Bronson highlighted that the U.S.’ European partners, and even Russian President Vladimir Putin, are now in lockstep with the Trump administration in insisting that Iran must give up its enrichment capacity.
She also said it’s likely unrealistic that Iran would be able to restart a covert nuclear program without the world’s knowledge, particularly if it attempts to retrieve its stockpiles of highly enriched uranium, activity that would be noticed by various intelligence services.
“The covert is always out there, but it’s a long way to go for them to get back in that game,” she said.
Johns Hopkins University professor Vali Nasr predicted that the Iranian government’s priority would be finding a way to prevent future strikes by the United States and Israel, rebuilding its deterrence and defense.

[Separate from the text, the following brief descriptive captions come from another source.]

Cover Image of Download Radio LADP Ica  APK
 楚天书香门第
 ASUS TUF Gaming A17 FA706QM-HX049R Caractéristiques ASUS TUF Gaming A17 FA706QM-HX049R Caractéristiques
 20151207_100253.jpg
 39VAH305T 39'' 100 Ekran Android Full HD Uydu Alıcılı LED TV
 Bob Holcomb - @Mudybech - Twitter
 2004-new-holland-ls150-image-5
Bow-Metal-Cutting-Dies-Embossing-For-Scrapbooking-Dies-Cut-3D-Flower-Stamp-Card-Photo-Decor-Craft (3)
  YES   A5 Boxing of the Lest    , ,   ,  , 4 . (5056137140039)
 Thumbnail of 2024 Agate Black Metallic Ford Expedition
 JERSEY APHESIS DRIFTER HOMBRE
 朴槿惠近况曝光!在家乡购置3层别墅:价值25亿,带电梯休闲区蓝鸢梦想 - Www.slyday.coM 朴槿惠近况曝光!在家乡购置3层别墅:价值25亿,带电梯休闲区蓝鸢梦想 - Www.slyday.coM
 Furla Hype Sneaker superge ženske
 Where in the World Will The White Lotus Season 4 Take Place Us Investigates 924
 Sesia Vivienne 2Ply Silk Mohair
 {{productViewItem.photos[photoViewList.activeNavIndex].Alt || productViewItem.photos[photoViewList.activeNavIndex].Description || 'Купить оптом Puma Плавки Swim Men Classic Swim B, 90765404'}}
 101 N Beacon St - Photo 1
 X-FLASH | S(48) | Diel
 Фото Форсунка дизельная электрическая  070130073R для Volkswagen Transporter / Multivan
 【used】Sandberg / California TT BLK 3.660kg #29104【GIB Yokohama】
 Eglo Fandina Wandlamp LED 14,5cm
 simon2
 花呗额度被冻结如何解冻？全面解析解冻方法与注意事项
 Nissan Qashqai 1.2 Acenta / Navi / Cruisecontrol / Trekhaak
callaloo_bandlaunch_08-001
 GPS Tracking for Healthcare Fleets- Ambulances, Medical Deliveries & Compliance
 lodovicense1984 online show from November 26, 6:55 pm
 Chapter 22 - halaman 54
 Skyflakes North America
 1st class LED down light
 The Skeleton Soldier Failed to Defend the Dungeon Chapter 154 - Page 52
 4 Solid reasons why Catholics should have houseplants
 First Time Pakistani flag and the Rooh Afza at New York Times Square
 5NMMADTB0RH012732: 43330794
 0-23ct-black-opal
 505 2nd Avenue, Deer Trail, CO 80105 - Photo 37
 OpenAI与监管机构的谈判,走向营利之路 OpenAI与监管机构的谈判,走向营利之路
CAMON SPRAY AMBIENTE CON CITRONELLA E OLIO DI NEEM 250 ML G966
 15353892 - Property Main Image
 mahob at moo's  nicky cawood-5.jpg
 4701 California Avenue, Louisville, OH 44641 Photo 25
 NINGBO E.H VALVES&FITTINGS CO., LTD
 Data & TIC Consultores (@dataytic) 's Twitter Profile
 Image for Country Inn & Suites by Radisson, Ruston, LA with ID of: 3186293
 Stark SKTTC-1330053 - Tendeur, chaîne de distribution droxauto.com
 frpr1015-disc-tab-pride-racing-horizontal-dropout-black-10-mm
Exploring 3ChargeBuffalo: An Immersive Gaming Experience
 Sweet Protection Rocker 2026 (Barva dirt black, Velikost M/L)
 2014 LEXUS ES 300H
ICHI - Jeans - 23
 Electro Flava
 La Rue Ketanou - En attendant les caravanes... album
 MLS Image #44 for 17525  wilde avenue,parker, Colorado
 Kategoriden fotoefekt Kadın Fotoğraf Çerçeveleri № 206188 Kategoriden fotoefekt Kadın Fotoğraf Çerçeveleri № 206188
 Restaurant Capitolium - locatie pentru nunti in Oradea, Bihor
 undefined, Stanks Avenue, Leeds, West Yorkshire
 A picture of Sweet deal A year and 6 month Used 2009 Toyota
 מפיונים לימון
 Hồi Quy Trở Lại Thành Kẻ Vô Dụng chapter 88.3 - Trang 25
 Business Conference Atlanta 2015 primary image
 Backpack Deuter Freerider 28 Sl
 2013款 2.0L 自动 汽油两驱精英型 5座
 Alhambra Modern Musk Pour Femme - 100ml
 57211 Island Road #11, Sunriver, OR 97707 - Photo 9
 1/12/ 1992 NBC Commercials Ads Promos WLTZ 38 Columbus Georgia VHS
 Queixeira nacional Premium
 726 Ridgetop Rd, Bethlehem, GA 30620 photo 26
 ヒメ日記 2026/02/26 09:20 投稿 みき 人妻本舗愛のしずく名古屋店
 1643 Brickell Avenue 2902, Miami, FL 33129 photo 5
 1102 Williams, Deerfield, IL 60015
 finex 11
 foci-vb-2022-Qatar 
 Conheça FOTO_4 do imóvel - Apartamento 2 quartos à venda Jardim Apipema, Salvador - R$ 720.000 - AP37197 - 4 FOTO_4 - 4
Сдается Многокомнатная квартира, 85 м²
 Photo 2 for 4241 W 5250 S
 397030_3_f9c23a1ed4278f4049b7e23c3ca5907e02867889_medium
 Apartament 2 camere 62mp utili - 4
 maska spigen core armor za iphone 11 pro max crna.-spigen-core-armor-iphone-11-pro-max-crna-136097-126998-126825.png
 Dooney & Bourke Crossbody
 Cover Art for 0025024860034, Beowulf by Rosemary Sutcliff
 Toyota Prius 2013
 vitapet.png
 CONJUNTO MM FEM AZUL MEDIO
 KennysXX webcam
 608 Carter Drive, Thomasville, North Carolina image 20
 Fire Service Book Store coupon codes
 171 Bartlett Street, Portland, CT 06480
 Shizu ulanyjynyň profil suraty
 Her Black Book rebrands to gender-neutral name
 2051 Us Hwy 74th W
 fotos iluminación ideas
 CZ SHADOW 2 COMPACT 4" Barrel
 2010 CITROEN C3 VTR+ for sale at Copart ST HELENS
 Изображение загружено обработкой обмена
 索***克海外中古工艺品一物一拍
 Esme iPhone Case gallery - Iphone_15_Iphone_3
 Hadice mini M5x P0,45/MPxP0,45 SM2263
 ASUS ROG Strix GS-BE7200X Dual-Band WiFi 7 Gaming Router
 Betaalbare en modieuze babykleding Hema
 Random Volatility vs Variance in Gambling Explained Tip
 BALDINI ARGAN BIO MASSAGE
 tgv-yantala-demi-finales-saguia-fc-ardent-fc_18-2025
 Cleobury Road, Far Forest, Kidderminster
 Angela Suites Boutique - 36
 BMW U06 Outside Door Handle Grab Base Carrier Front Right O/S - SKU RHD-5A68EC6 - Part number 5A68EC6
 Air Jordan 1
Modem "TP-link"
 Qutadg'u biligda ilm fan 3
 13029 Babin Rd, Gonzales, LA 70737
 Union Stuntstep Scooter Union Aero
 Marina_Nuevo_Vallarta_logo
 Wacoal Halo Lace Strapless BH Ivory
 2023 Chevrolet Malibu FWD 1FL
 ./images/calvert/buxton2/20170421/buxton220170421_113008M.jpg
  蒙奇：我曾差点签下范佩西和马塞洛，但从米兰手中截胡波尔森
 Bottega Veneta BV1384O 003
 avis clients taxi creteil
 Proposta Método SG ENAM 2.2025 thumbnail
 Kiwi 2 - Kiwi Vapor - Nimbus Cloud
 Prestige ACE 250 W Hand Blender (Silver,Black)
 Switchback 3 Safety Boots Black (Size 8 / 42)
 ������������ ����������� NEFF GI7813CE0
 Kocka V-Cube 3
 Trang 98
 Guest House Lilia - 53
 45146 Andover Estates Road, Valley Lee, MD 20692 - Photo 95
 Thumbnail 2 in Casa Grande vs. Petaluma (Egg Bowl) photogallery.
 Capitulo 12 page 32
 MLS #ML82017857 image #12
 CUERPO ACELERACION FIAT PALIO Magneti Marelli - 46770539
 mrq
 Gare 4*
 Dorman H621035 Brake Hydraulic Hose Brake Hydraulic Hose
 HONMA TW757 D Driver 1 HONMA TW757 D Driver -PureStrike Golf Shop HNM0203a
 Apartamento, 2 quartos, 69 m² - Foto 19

He also argued that the public, aggressive diplomacy from the Trump administration, including demands on Truth Social for full dismantlement of Iran’s nuclear program, make such a deal politically unpalatable for the Iranian regime. He accused the Trump administration of failing to seriously negotiate before its strikes.
“You’re basically asking for surrender. It’s not a compromise anymore,” Nasr said. “So then the question becomes, what is the acceptable cost for surrender? Would the supreme leader think that Iran is back to the wall sufficiently for him to … go and sign a surrender treaty?”
Nasr suggested that the U.S. would have to offer Iran incentives to bring in to the table and that Tehran would make significant demands for such a deal, including a guaranteed end to Israeli strikes on Iran and safeguards against the U.S. pulling out of the deal in the future.
The panel members downplayed the notion that regime change is an imminent prospect in Iran.
Hadley said the most likely source of such a change would be from a faction inside the regime, like the Islamic Revolutionary Guard Corps, that decides it wants to reduce the role of the mullahs and their revolutionary ideology.
“If folks come out in the streets it may be because one of those factions has called them to the streets to give them an excuse for making some kind of change with the regime,” Hadley said. “But that’s going to take a long, I think, considerable time, to play out.”
Sanger said that “betting on regime change is a risky business.” He said that the Obama administration had been gambling on the idea that Supreme Leader Ayatollah Ali Khamenei would be dead before the JCPOA sunset.
“It’s pretty clear from talking to the Israelis who were in Washington last week, that is their bet now: They are just pushing for time, and they think a regime change will happen,” Sanger continued. “But I’m not sure where they get that confidence.”
Nasr predicted that there will be no major changes inside Iran as long as Khamenei is still alive. And he argued that the U.S. would need to lay out an attractive alternative and future for Iran in order to motivate a faction like the IRGC to take action.
“How do you force this shift in Iran? How do you cause the debate at the top that people seriously consider that this is a dead end and there’s some other path on the table?” Nasr said. “Iranian leaders, hardline moderates cannot react to what is theoretically possible but is not actually solidly in front of them as an option.”
At the same time, Nasr said that the failure of Iran’s proxy network had been a significant blow to segments of Iran’s government, leaving them in a weakened position in the regime.